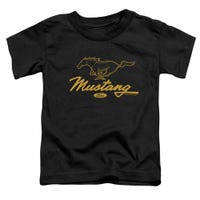Mustang Pony Script Ford Toddler T-Shirt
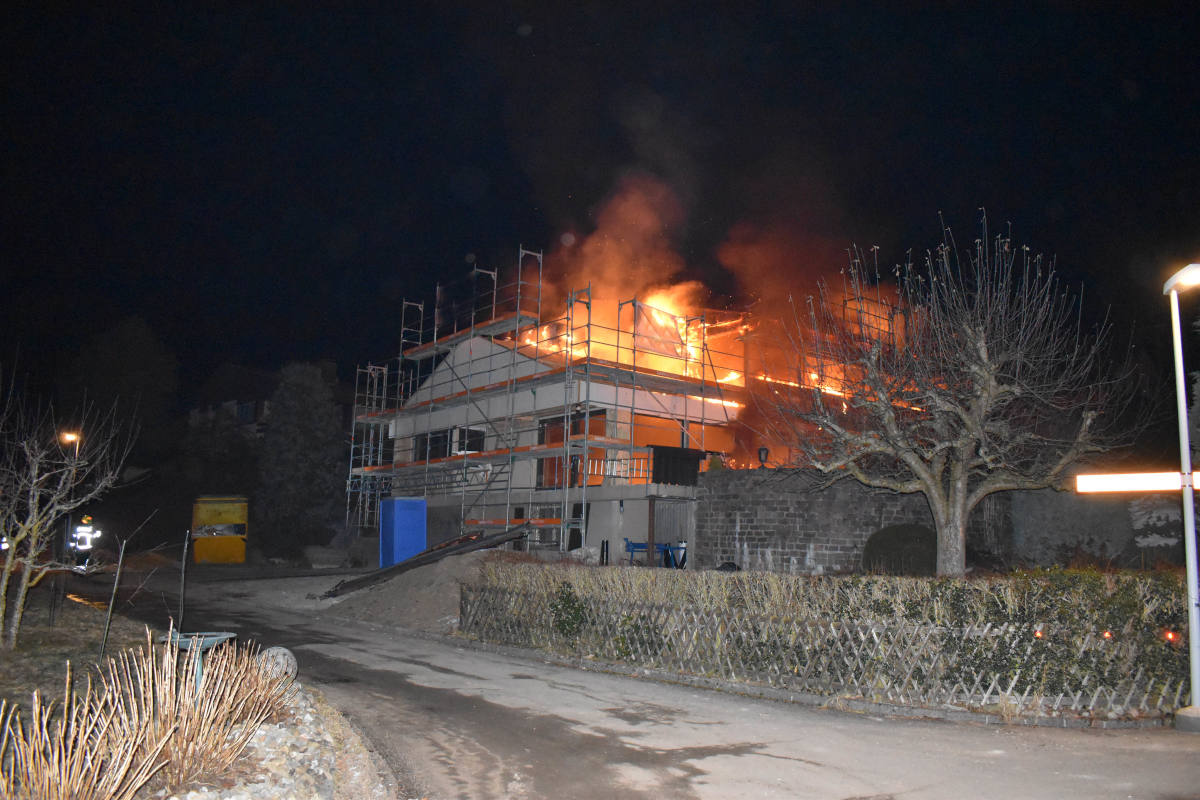 Entlebuch LU – Dachstockbrand an Einfamilienhaus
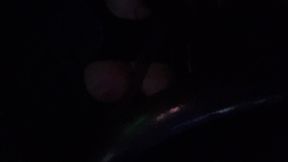 Sexy Car Ride with Artemisia Love Flashing Her Big Tits for the Camera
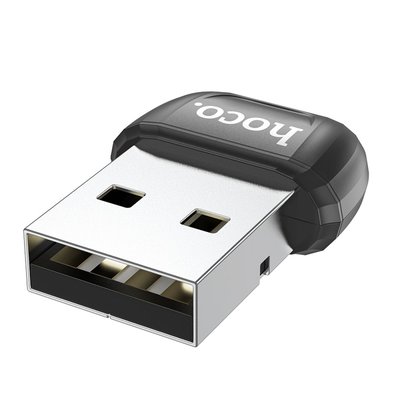 USB Блютуз Hoco UA18 adapter BT5.0 Колір Чорний 6931474762399 фото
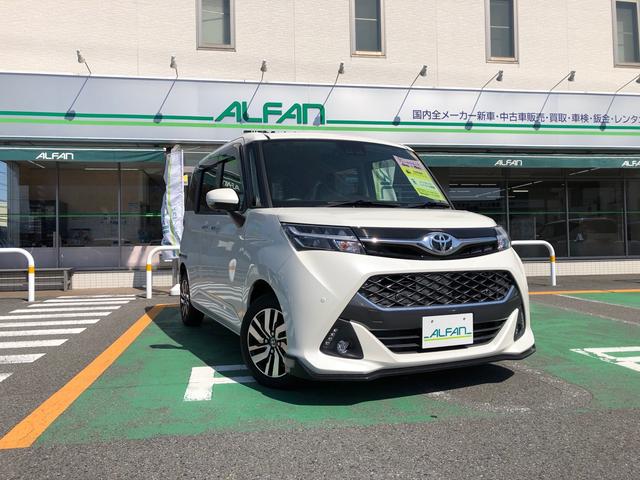 トヨタ タンク カスタムＧ　衝突被害軽減システム　走行３５０００ｋｍ！　両側パワースライドドア　純正ＳＤナビ　フルセグＴＶ　バックカメラ　シートヒーター　クルーズコントロール　ＬＥＤヘッドライト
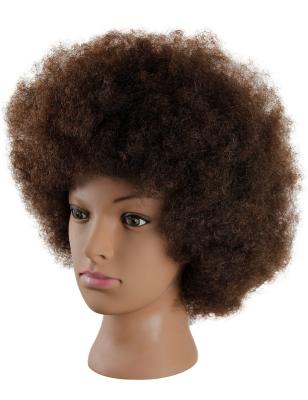 China With Arms Head African American With 100% Hair Cosmetology Afro Hair Mannequin Head For Practice Styling Braiding for sale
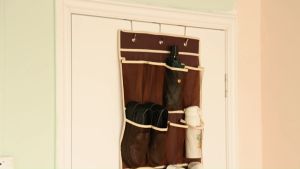Local 2-3 Days Delivery Hanging Hat Organizer Space Saving Wall Door Felt Storage Rack for Baseball Cap/ 24 Pockets Shoe Hanging Organizer  Door Rack Wall Closet Space Storage Bag Holder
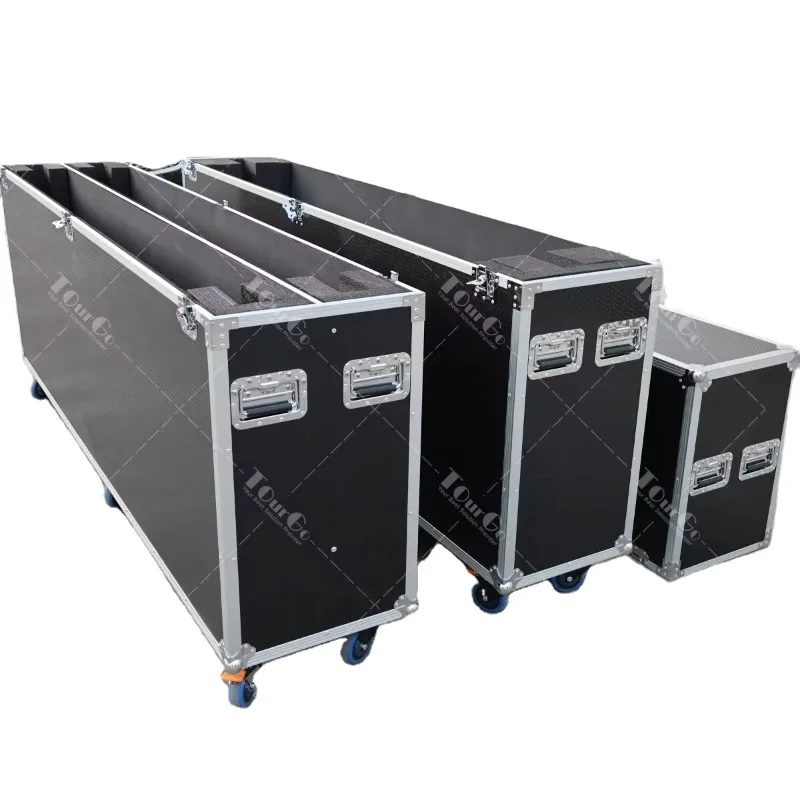 Universal 98Inch Single or 2in1 LCD/LED/Plasma TV Flight Case With Wheels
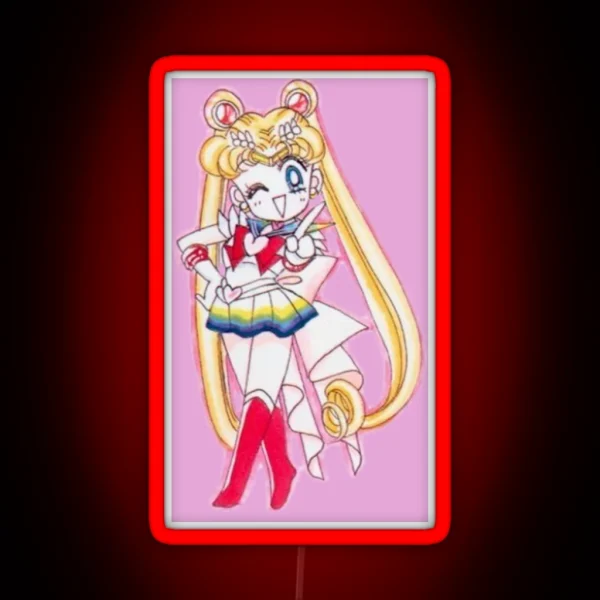 Usagi Chan RGB Neon Sign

:::::

*WHAT THE EXERCISE ASKS*
Your answer should be the exact lines above from the one containing "USB Блютуз Hoco" through the one containing "China With Arms", with both end lines kept and the pictures removed, please.

*WRITTEN RESPONSE*
 USB Блютуз Hoco UA18 adapter BT5.0 Колір Чорний 6931474762399 фото
 トヨタ タンク カスタムＧ　衝突被害軽減システム　走行３５０００ｋｍ！　両側パワースライドドア　純正ＳＤナビ　フルセグＴＶ　バックカメラ　シートヒーター　クルーズコントロール　ＬＥＤヘッドライト
 China With Arms Head African American With 100% Hair Cosmetology Afro Hair Mannequin Head For Practice Styling Braiding for sale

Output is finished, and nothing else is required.